Charity is something we feel the need to do. It's a good thing. Most of us have been taught to give back so we try to do what we can. When our church has a service day, we fall in line to pick up trash, visit the elderly, buy someone clothes, or paint a room. It is a project. The project lasts an hour...maybe a day...and we have completed a good deed. Service projects have quick results. When large groups come together, things that have been sitting on the back burner get done...quickly.
But I think we need to examine why service days work. Why are people willing to wake up early on a Saturday morning, go out and do the service projects? Is it because they have a deep desire to make a change in a community that isn't their own? Perhaps. However, I believe the stronger power lies in the group of people who are gathering together. People are willing to get up because their friends and family members have also said they would get up and go.

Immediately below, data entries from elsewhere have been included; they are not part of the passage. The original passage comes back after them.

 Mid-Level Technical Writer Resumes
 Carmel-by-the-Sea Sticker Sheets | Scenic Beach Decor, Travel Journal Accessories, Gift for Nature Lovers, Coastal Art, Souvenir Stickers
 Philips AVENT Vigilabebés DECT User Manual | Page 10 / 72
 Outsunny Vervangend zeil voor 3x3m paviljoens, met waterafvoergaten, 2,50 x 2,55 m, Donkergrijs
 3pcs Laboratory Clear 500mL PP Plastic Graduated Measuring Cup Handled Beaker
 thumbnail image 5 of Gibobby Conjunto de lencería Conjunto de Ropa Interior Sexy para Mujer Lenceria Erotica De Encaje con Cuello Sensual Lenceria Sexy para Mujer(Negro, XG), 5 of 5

We are human. We know that any serving we do may allow us to get to know some new people, but we also know serving with a large group of people allows us to spend time with friends...friends who, our busy world, we don't get to spend enough time with. Service becomes a win-win situation. Spend time with people we enjoy while helping someone else in the process.

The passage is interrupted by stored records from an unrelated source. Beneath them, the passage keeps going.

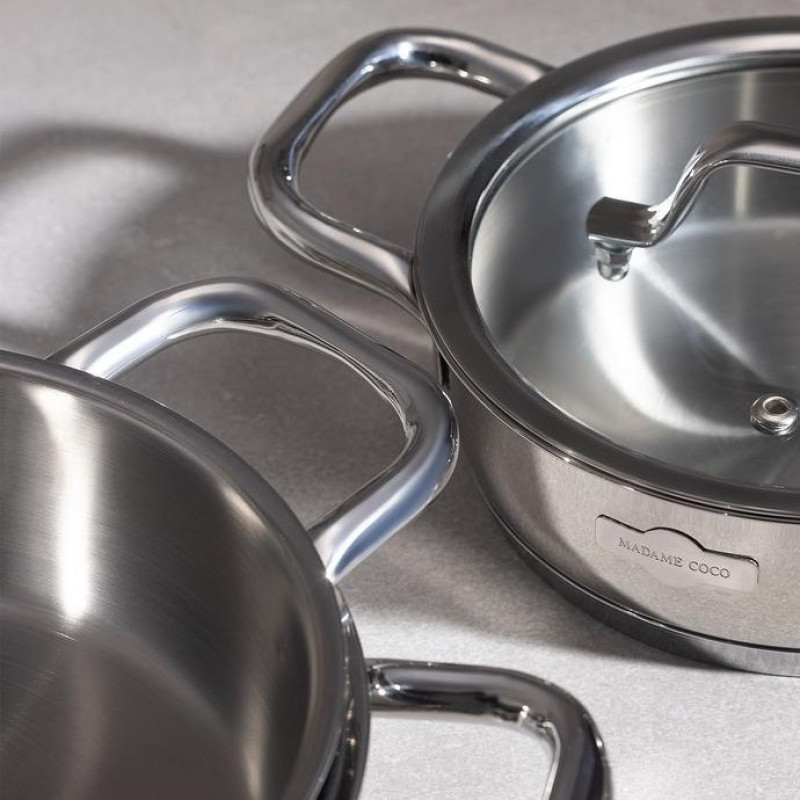 سرویس تابه استیل 6 پارچه مادام کوکو مدل Luna Shallow Pan Set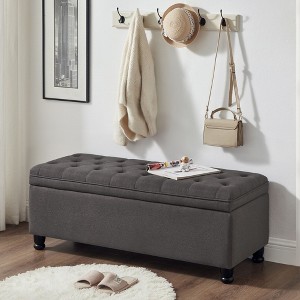 NicBex 45" Tufted Button Storage Ottoman Bench,Faux Leather/Linen Foot Stool with Rubber Wood Legs,End of Bed Storage Bench for Bedroom,Living Room - 1 of 4
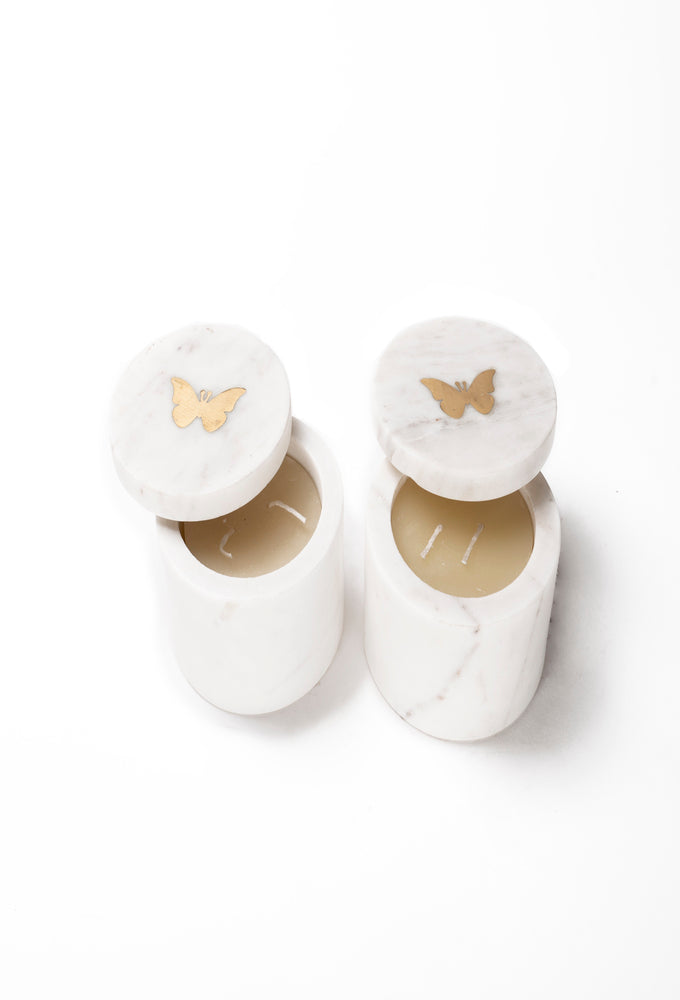 Marble Candle Jar With Butterfly Inlay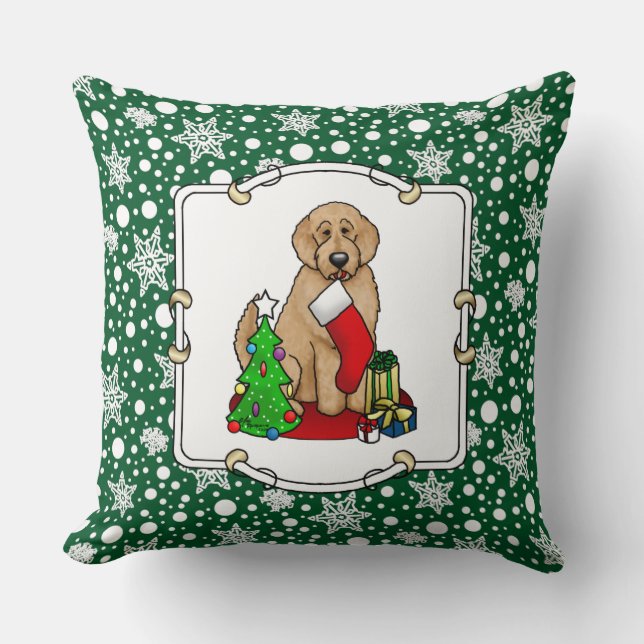 Frohe Weihnachten 2 Goldendoodle (goldrot) Niedlic Kissen (Vorderseite)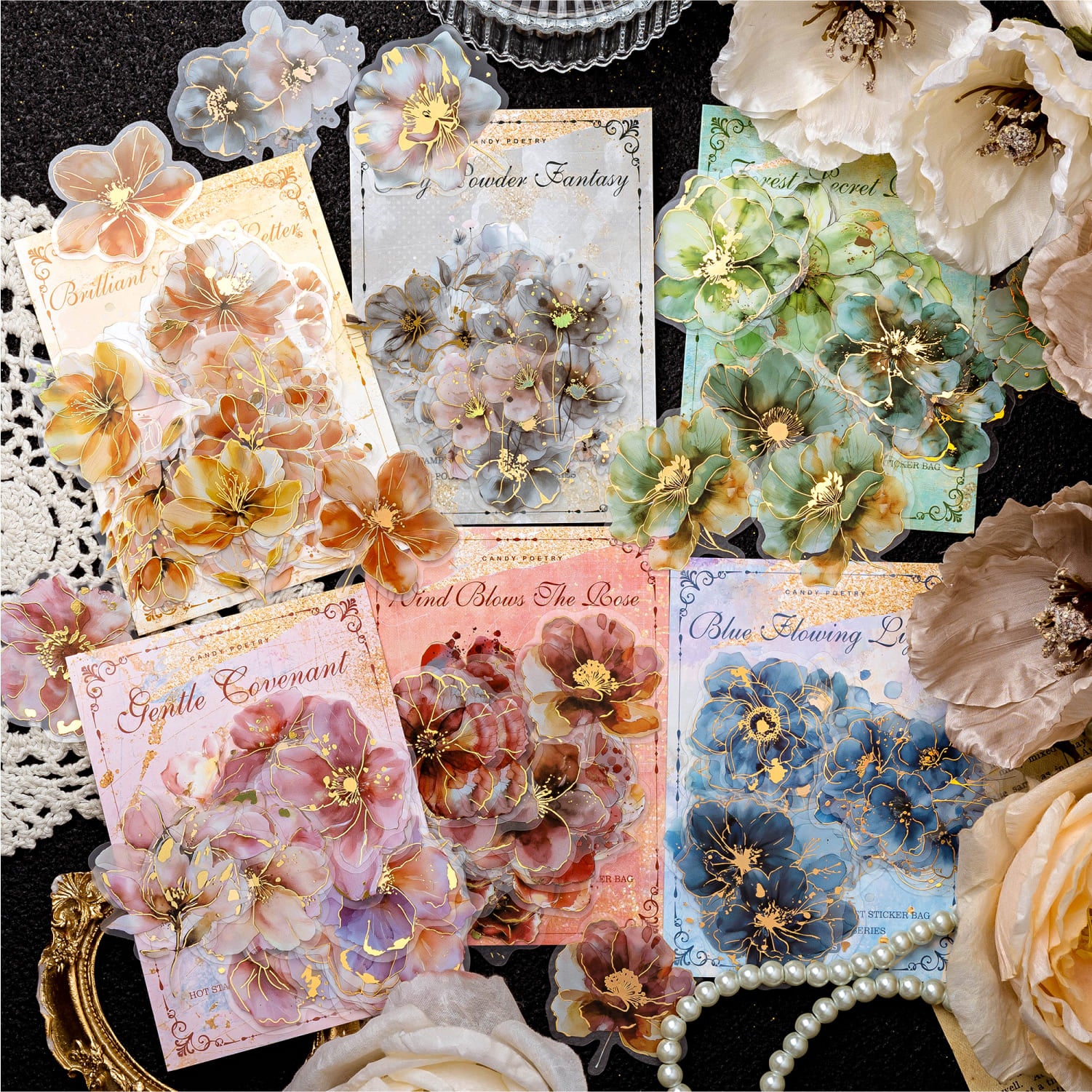 All gold foil floral sticker designs – complete set for various creative projects.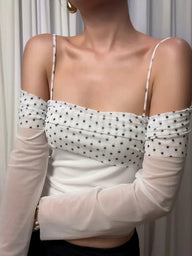 Gayle Transparente Ärmel Polkadot Crop Top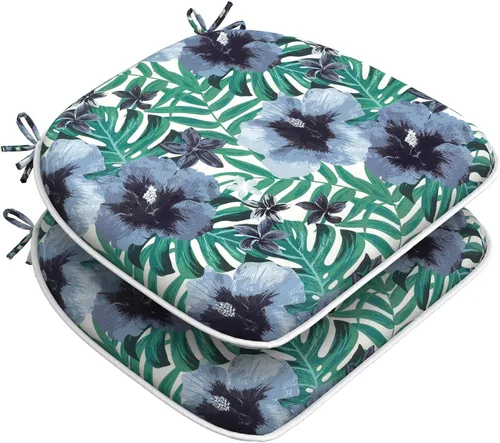 Miniatura 37 de DYTXIII Juego de 2 cojines para sillas de exterior con lazos, almohadillas repelentes al agua para sillas de patio de 17 x 16 pulgadas para muebles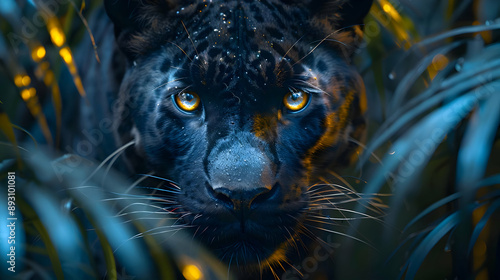 Black Panther Illustration with Golden Eyes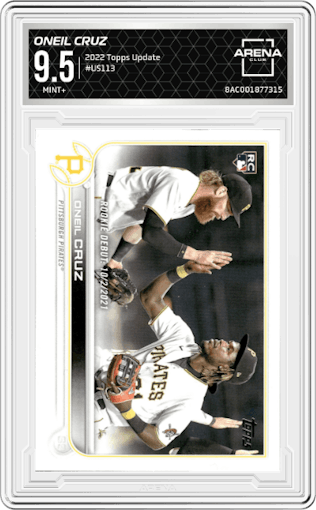 Oneil Cruz from the 2022 Topps Update  set graded by Arena Club and given an overall grade of 9.5.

Anne Mahlum has gone a step further in that paradigm though. Anne Mahlum understands that gathering a group of people together has powerful results. But she has approached it a different way:
Anne's relationship with running began when she was 16 as it was her way of dealing with the unexpected situation of her dad's struggle with a gambling addiction, which tore apart her family. While Anne could never find a way to help her dad, she found her own answers in the life lessons that surround running, such as taking things one step at a time and learning the value of being on difficult roads. 10 years later, Anne's running had led her past a homeless shelter on 12th and Vine in Philadelphia where she began to develop a friendly, sarcastic rapport with some of the individuals staying there, who reminded her of her dad. During one morning run she realized that running could benefit them in the same way that it helped her and she felt in some way she could vicariously help her father by helping them.Anne found her release through running. She began to heal through running. Anne began to think that maybe that release and healing could be the same for other people as well. Anne founded Back On My Feet.

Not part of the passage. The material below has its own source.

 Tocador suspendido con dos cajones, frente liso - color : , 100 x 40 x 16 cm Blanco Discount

I attended the Back On My Feet breakfast yesterday and was truly inspired. I know the power of discovering a sport that you truly love. It challenges me mentally, physically, and spiritually. It strengthens my self-confidence as I progress beyond what I ever thought I could. It takes me away from stress, frustration, self-doubt...if only for an hour or two. All people should have the opportunity to know that feeling.
Back On My Feet didn't start as a program. It started long before the organization ever began. Listening to Anne speak, it was obvious that Back On My Feet was never her "service project." She simply was doing something she loved and wanted to invite other people in to join with her in something she had found liberated her.
Maybe we should all look at service differently. Instead of seeing others as our service project, why not figure out what we love to do and invite people to be a part of what we love? Service projects end. Doing something we love doesn't.